ジオリアクターによる CO₂ 固定化試験:雄勝高温岩体での原位置試験

  Field experiments of CO₂ sequestration into the Ogachi hot dry rock (HDR; the temperature is 200 °C) site were performed to investigate mineralization of a part of CO₂ as carbonates through interaction with rocks (Georeactor; Ca extraction from rocks and carbonate fixation). In 2007, carbonated water (1 wt% CO₂; river water with dry ice) with several tracers was directly injected into well OGC-2, Test #1 (from September 2nd to 9th) and Test #2 (from September 11th to 16th). During the Test #2 experiment, additional river water was injected into well OGC-1, 100 m apart from well OGC-2, at 2 days after the injection of CO₂ water into well OGC-2 so as to push back carbonated water around this well. Water samples were collected at the depth of ~850 m by a sampler (500 ml in volume) and monitored for their chemical and isotopic compositions. The CO₂ concentrations in fluids collected decreased with duration time and were almost 2/3 of the expected concentration from tracer concentrations. This means that CO₂ injected into well OGC-2 can be removed from fluid by carbonate fixation.
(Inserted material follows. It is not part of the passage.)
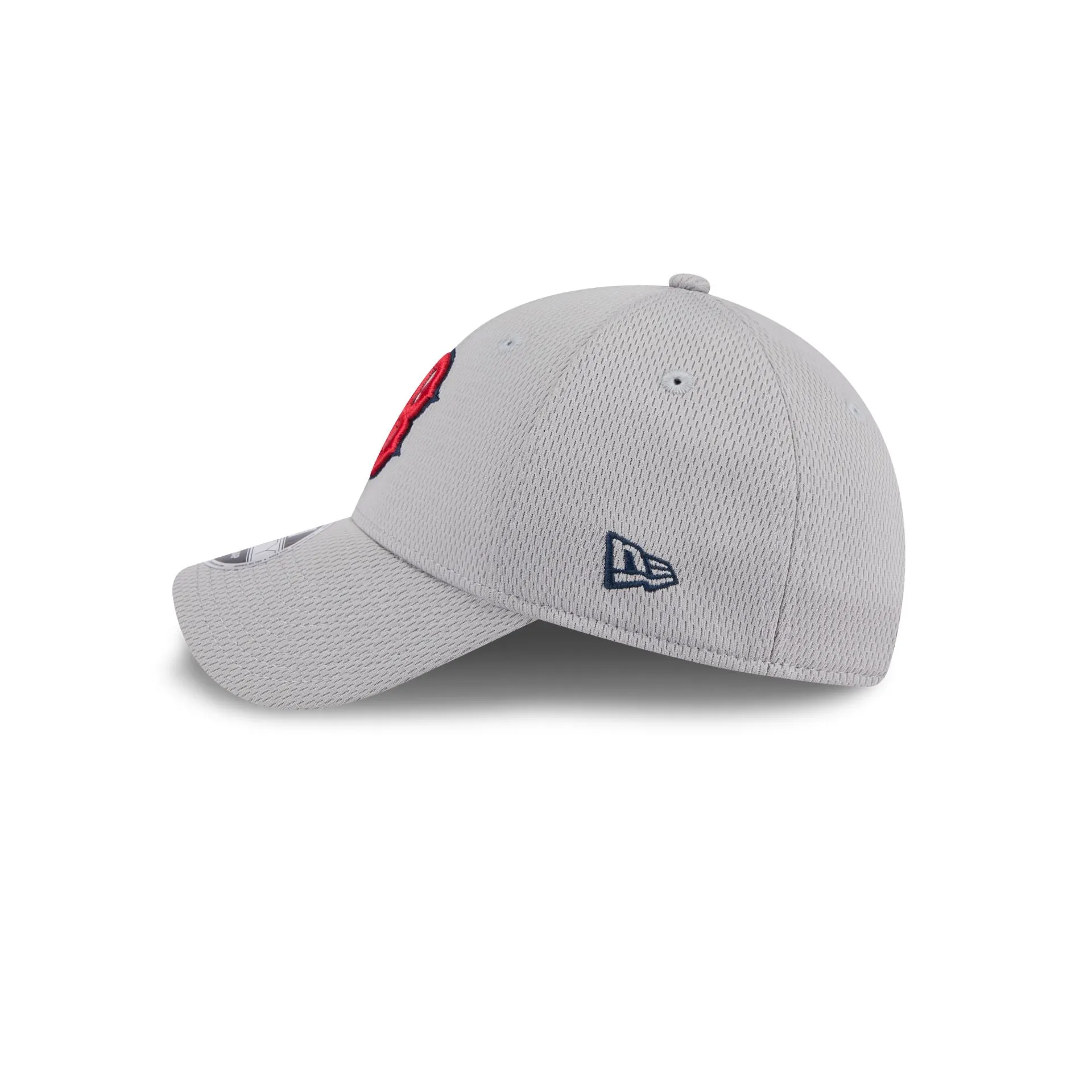 Boston Red Sox Gray 9FORTY Stretch-Snap Hat sold by New Era product image thumbnail 4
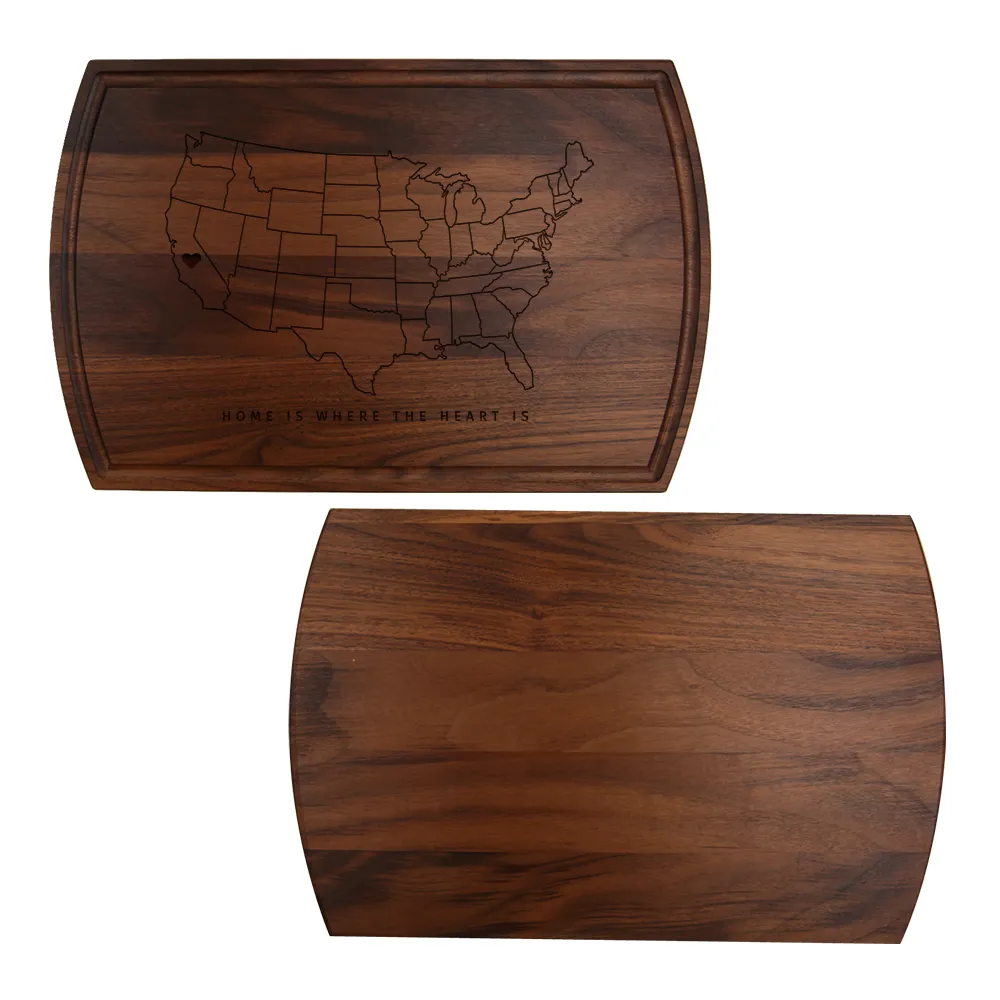 "California State" Cutting Board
  During the field experiments, dissolution or precipitation rates of calcite were determined by using a technique of “in situ observation of crystallization”. Calcite crystals covered with Au film were hold in a crystal cell and set in a crystal sonde. The crystal sonde was filled with He gas under a certain pressure and then put into well OGC-2. The fluid at depth of -850 m is introduced into the sonde and calcite can start to react with them. After 1 hour, the sonde was recovered to the surface, where the fluid in the sonde is pushed to outside by He gas. The recovered calcite crystal is analyzed for the dissolution or precipitation rates by a newly developed phase shift interferometer. The “in situ analyses” show that calcite precipitation was observed within 2 days after the injection. This probably indicates that the most of CO₂ injected has been fixed as carbonate, supporting our idea that HDR system can be useful for CO₂ sequestration from inland emission sources.